Please be aware that as of May 16, 2026, Microsoft 365 Copilot is no longer available to UBC users following a recent change in product licensing. However, this workshop is still relevant and beneficial for institutions and/or individuals who have an active Microsoft 365 Copilot license.

Introduction to AI-Assisted Data De-identification

As AI tools become increasingly prevalent, we want to explore how effectively they can assist with the de-identification of sensitive data. While there is potential for AI to ethically support (not replace) human effort in this process, particularly when handling large volumes of data, this has yet to be established with confidence. We are not endorsing any specific AI tool, nor are we presenting AI as a dependable solution for data de-identification.
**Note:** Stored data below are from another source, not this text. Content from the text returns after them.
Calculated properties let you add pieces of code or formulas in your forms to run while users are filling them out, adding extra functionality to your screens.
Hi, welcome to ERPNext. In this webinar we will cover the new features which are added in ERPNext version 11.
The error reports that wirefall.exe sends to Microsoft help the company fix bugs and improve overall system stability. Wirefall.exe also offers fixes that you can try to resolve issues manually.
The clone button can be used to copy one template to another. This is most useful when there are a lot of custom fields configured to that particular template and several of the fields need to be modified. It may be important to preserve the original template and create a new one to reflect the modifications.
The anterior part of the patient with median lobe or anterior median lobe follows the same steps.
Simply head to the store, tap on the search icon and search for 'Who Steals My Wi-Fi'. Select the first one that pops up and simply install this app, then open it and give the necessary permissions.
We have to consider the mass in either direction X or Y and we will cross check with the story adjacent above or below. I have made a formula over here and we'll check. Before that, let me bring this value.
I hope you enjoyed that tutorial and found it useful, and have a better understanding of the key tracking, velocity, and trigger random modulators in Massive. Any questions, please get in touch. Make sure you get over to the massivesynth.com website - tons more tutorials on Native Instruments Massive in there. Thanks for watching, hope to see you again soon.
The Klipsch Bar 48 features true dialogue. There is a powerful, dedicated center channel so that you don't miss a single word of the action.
Our own experiments have shown that AI is not yet capable of performing these tasks consistently and reliably. The goal of this workshop is simply to explore what AI can offer in this context.
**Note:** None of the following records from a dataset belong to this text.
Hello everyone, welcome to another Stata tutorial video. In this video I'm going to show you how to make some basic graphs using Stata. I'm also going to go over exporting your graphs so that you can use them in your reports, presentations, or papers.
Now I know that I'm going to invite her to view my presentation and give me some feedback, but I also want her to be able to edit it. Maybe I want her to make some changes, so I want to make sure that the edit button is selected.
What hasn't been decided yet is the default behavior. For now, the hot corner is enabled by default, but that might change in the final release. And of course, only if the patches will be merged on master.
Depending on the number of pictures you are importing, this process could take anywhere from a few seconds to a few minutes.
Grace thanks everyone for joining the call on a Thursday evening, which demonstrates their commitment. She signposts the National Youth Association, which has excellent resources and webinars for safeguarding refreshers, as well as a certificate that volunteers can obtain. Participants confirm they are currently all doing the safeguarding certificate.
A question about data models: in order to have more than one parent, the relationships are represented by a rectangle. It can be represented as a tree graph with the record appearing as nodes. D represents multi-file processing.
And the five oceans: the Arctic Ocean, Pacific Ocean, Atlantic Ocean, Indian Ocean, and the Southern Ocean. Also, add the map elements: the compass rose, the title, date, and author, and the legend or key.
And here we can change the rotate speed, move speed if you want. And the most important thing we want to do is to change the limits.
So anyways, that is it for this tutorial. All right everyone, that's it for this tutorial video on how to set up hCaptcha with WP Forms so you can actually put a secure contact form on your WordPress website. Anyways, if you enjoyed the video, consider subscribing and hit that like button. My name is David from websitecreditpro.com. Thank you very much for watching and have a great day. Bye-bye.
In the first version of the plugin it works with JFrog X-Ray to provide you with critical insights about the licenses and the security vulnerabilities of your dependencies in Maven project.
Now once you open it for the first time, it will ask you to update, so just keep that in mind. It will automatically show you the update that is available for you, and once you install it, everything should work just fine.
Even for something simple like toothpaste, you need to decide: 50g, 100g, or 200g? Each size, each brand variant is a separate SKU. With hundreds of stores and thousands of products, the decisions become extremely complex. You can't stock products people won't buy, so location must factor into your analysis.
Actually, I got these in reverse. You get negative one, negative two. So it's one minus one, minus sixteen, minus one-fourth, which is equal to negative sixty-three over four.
There is no promise that the Co-Pilot agent will work properly, such as encountering errors, inconsistencies, or Co-Pilot may suddenly cease activity. You may encounter the message, “Editing with Copilot is temporarily unavailable due to high demand. Try again later or turn off edits to keep chatting with Copilot.”

Please consider these when using any kind of AI tool for research:

  • UBC Risk Management has a summary of what AI tools could be used for different purposes, as approved by the PIA process. For this workshop, we will be using the Copilot M365 Embedded assistant in Microsoft 365, approved for up to high-risk data (not the Copilot M365 Chat, which has been approved only for up to medium risk data).
  • Additionally, note that:
    • There is a risk that the Co-Pilot M365 Embedded assistant will make errors and not de-identify all identifiers
    • There is a risk that the Co-Pilot M365 Embedded assistant will alter other data that shouldn’t be changed
    • Please ensure a quality assurance process after you use the Co-Pilot M365 Embedded assistant for data de-identification

As a reminder, please make sure you’re working with a duplicate/copy file of your data for this experiment and not with your original data file(s).

Terminology

UBC does not define the term “sensitive data”. Instead, UBC electronic information is classified using a schema outlined in UBC Information Security Standard U1 (ISS-U1). For the purposes of this workshop, however, we will use the term “sensitive data” to align with the terminology in Sensitive Data: Practical and Theoretical Considerations (Rod & Thompson, 2023). In this context, the term “sensitive data” will be treated as equivalent to information classified as “high risk” and “very-high risk” in UBC ISS-U1.

Table of contents

Recap: Manual de-identification methods

In our second workshop - “Introduction to Manual Data De-identification”, we introduced you to some common examples of manual de-identification methods for sensitive data. Have a look at the list below for a refresher on the types we discussed:

  • Anonymization: all identifying information is removed from the dataset and cannot be restored.
  • Pseudonymization: identifying information is replaced with artificial identifiers, such as codes or numbers.
  • Aggregation: individual data points are grouped together into categories or ranges.
  • Masking: identifying information is hidden or obscured by using techniques, such as encryption, hashing, blurring, or noise addition.
  • Generalization: identifying information is replaced with more general or vague terms.
  • Local suppression: individual cases or responses (individual records) are deleted.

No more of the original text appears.